Die von der EU angestrebte Klassifizierung von Anlagen als ESG-konform oder nachhaltig wird die Investitionsentscheidungen institutioneller Investoren kaum verändern. „Der Markt ist bei der Standardsetzung bereits viel weiter als die Politik, die Taxonomie ist hier ein Rückschritt“, sagt Tim Faltis, Verwaltungsrat bei Fair Alpha. „Letztlich nutzt sie in ihrer jetzigen Fassung nur denen, die es mit der Nachhaltigkeit ohnehin nicht so ernst nehmen.“
So hat sich die Betrachtung des Impacts, der realen Auswirkungen einer Investitionsentscheidung, bei den Formen nachhaltigen Investierens als Maßstab durchgesetzt. „Hier sind viele privatwirtschaftlich organisierte Standards und Regularien inklusive strenger Prüfungsmechanismen bereits deutlich besser aufgestellt“, sagt Faltis.
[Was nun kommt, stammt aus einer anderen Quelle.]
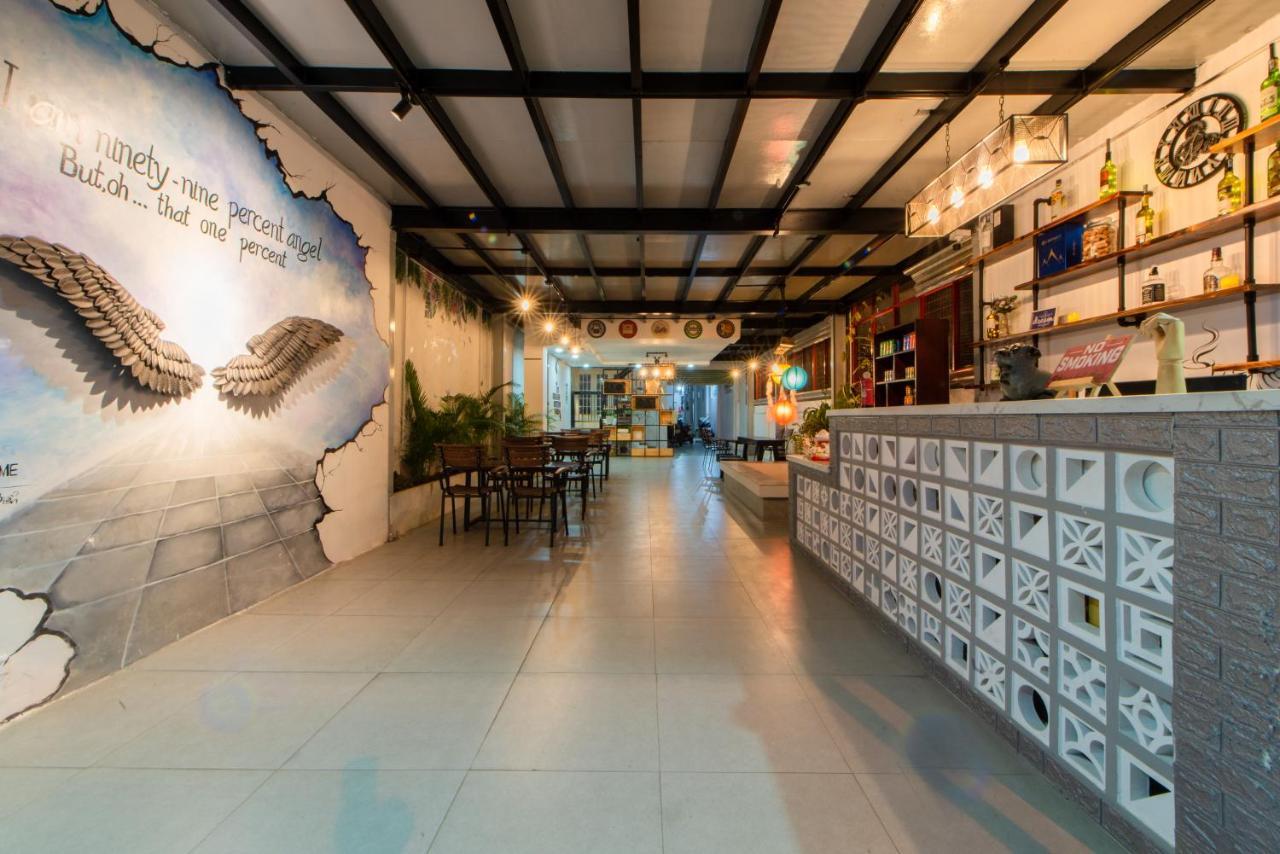 Megi Homestay Nha Trang Exteriör bild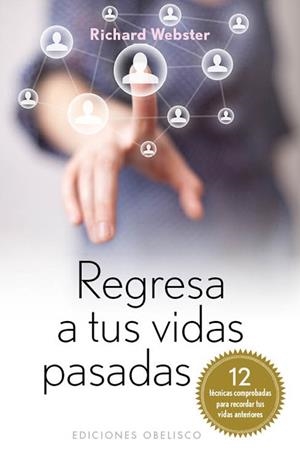 REGRESA A TUS VIDAS PASADAS (BOLSILLO) | 9788497778497 | WEBSTER, RICHARD | Llibreria L'Altell - Llibreria Online de Banyoles | Comprar llibres en català i castellà online - Llibreria de Girona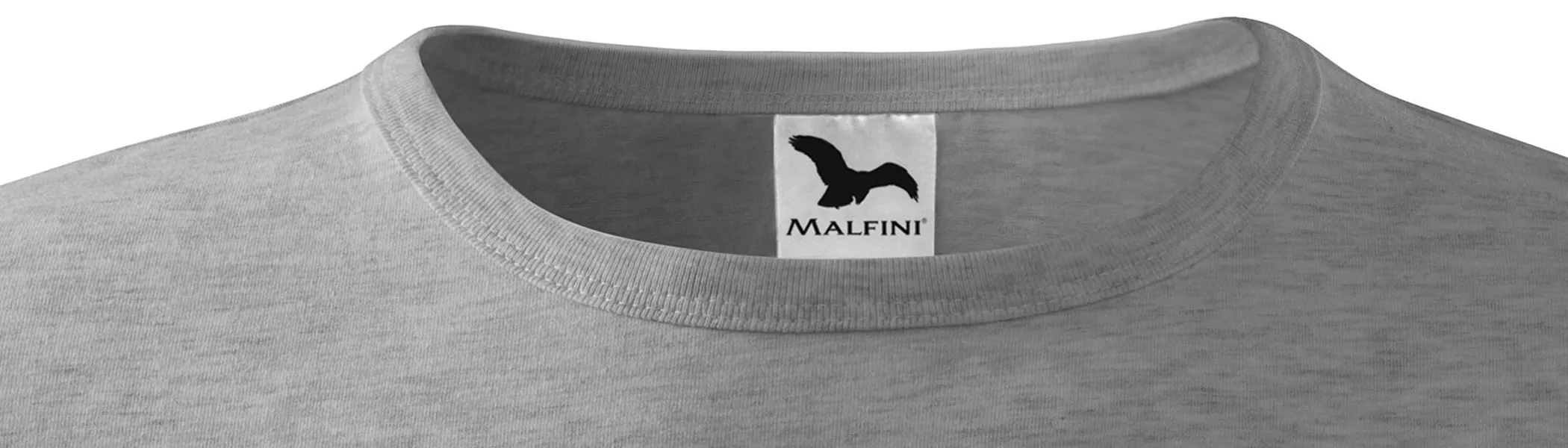 Ανδρικό μακρυμάνικο μπλουζάκι - Κλασική στρογγυλή λαιμόκοψη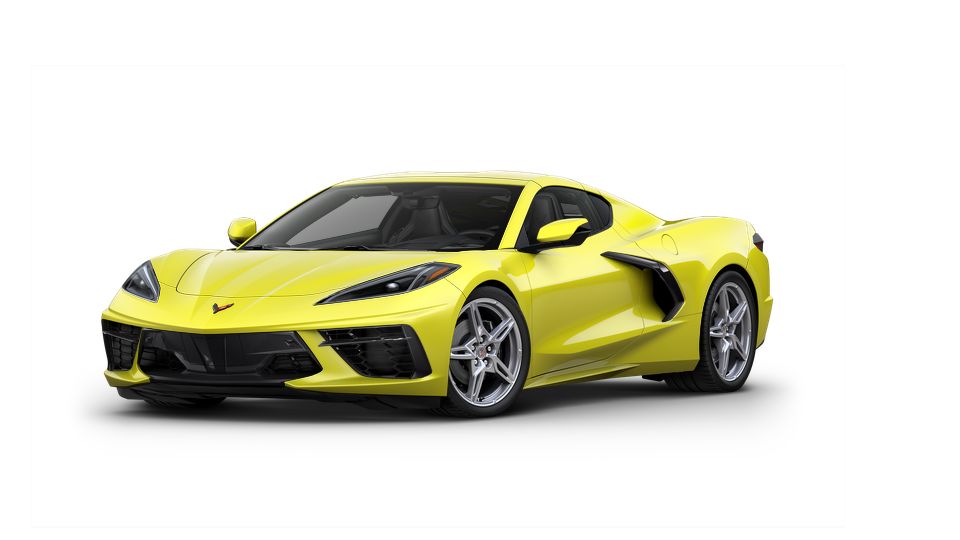 2024 Chevrolet Corvette Stingray Vehicle Photo in VALENCIA, CA 91355-1705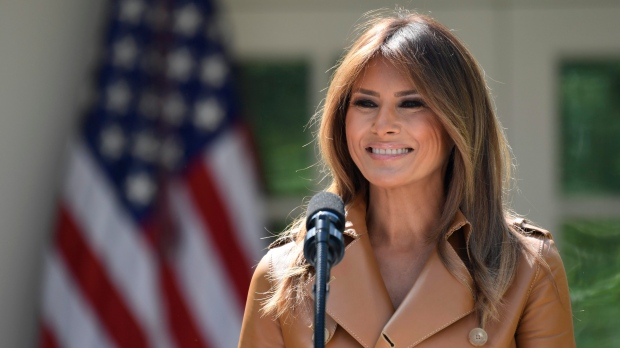 melania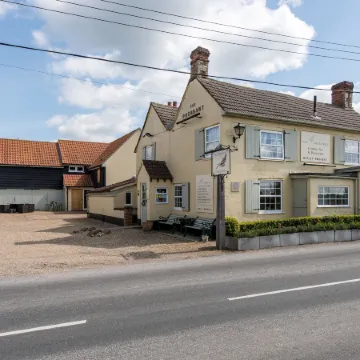 The Pheasant Public House & Hotel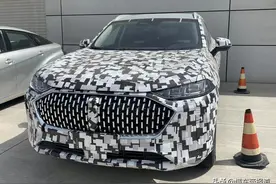 技术丨长城首款氢燃料SUV实图，但想超越丰田还要攻下四道难关图片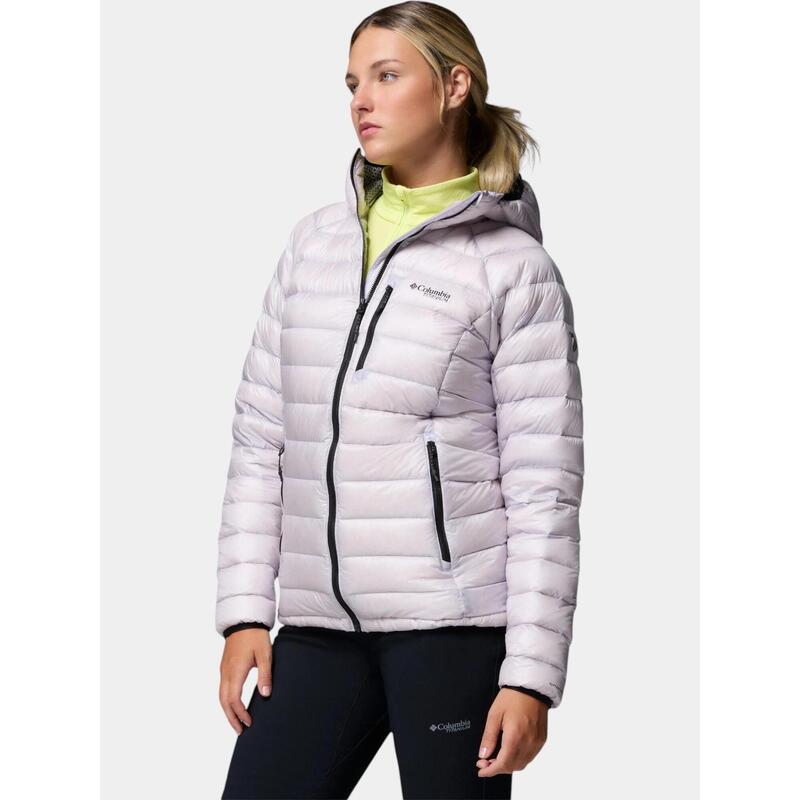Geaca matlasata de tranzitie Arctic Crest Down Hooded Jacket femei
Insofern ist es sehr unwahrscheinlich, dass institutionelle Investoren ihre Anlageentscheidungen anhand der lascheren EU-Taxonomie ausrichten.
Dies gilt zumindest für diejenigen, die es mit den eigenen Ansprüchen an Nachhaltigkeit ernst meinen. „Die EU-Taxonomie ist wie das Bio-Siegel der kleinste gemeinsame Nenner der Industrie“, so Faltis. Und so wie das Bio-Siegel Discountern den Zugang zum Biomarkt eröffnet hat, bietet die Taxonomie Anbietern die Möglichkeit, ihre Produkte als nachhaltig zu vermarkten, die die hohen Standards scheuen.
„Wir sehen, dass sich etwa der Standard für Green Bonds, der von der ICMA kontrolliert wird, in diesem Segment durchgesetzt hat“, sagt Faltis. „Wir würden also keine Green Bonds für Initiatoren auflegen, die nicht den hohen Standards entsprechend arbeiten.“ Auch sind viele institutionelle Investoren und entsprechende Branchenverbände wie der IIGCC (Institutional Investors Group on Climate Change) bereit, weiterzugehen als die Taxonomie vorgibt. „Diese Unternehmen und Institutionen beschäftigen sich aktiv mit Nachhaltigkeit und sprechen sich zum Beispiel klar gegen Atomkraft oder Gas aus“, sagt Faltis.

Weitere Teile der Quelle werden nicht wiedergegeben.